Problem:
Transcribe the entries below word for word, beginning at the line with "Juicy Couture Housut" and stopping after the line with "File:ACUDB - The Barber of Seville.png"; drop all pictures.

Given information:

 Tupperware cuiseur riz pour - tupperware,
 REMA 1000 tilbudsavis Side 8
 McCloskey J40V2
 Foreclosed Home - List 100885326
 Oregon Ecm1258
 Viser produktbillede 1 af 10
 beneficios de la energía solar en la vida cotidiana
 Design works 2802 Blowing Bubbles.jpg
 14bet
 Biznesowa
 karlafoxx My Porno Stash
...
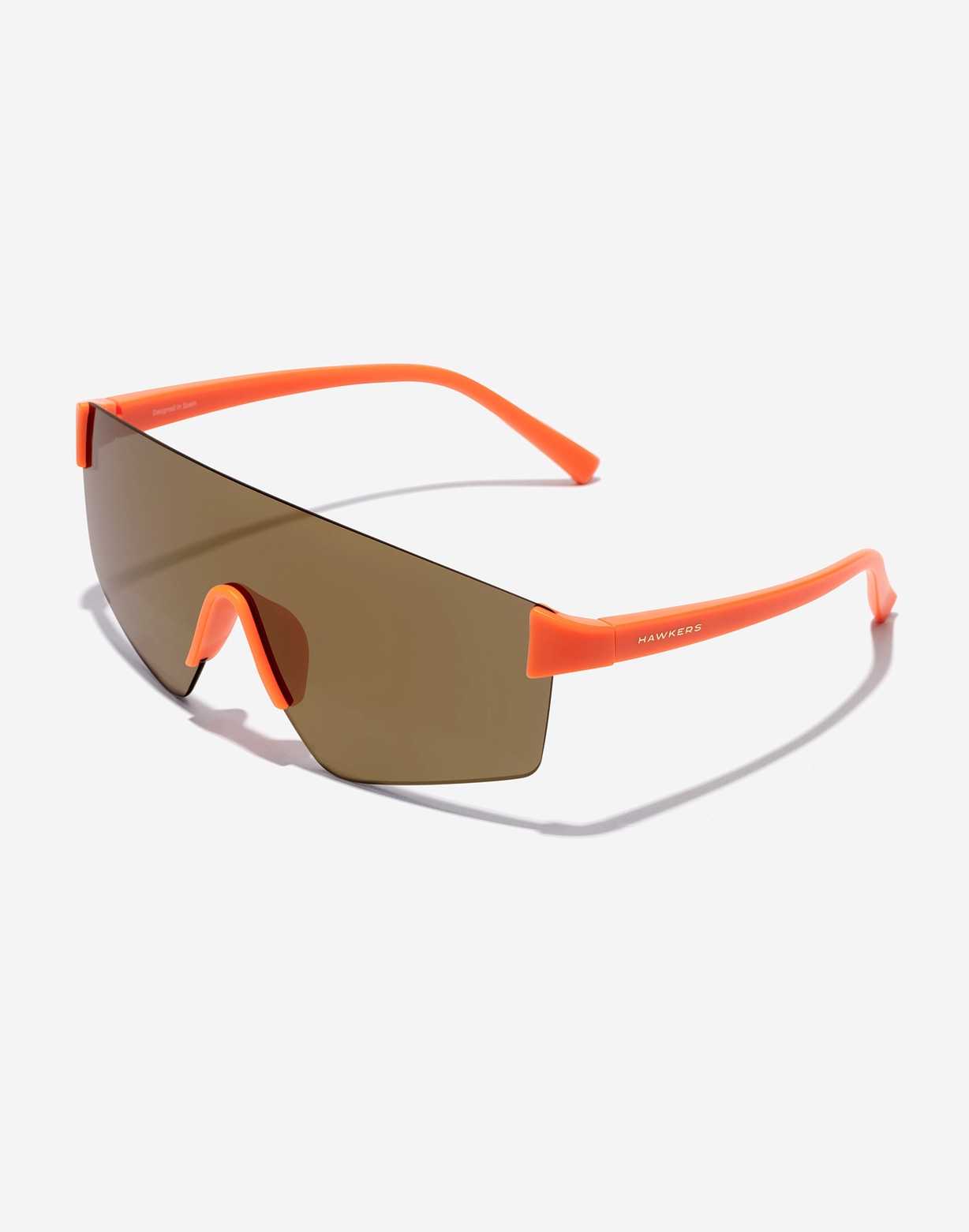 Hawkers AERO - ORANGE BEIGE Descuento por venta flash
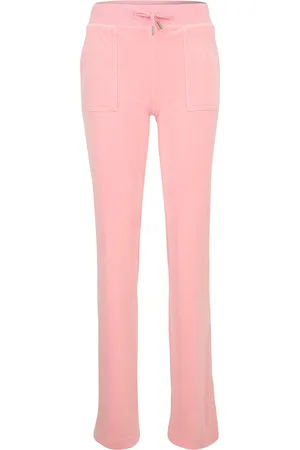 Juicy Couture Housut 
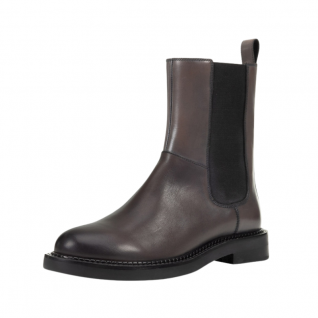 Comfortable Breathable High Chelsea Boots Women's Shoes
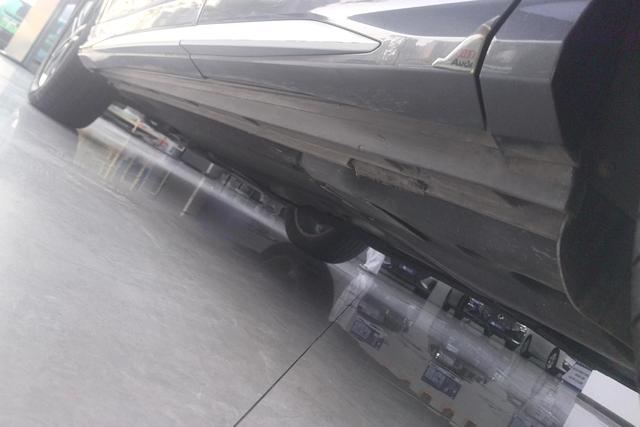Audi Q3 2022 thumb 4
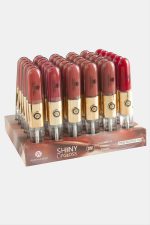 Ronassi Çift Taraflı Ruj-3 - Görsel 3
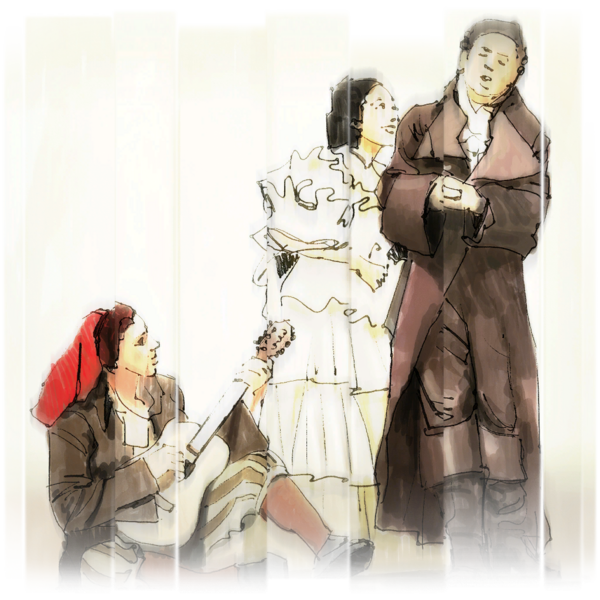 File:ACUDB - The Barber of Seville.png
---
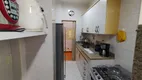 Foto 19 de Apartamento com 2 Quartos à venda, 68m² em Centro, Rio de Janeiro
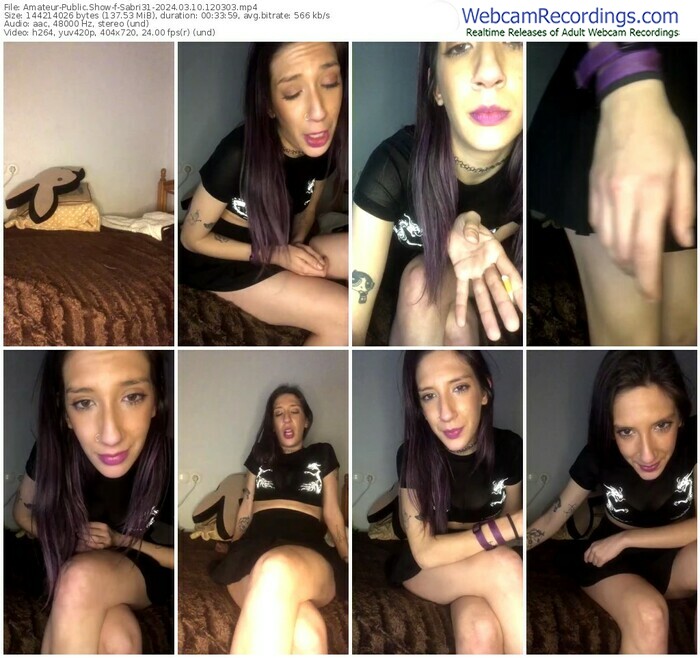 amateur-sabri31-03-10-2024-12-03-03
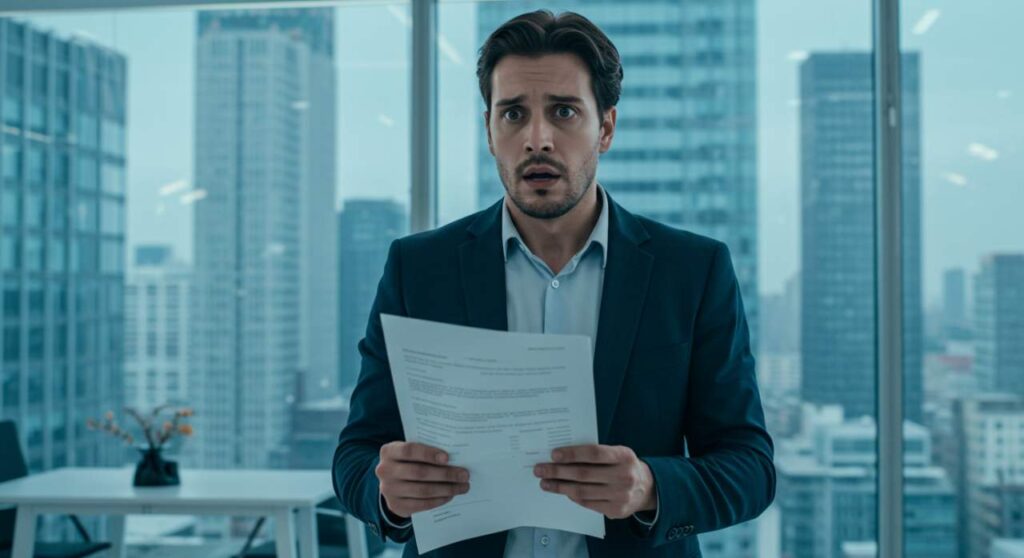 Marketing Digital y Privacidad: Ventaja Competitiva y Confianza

Answer space:
 Juicy Couture Housut 
 Comfortable Breathable High Chelsea Boots Women's Shoes
Audi Q3 2022 thumb 4
 Ronassi Çift Taraflı Ruj-3 - Görsel 3
 File:ACUDB - The Barber of Seville.png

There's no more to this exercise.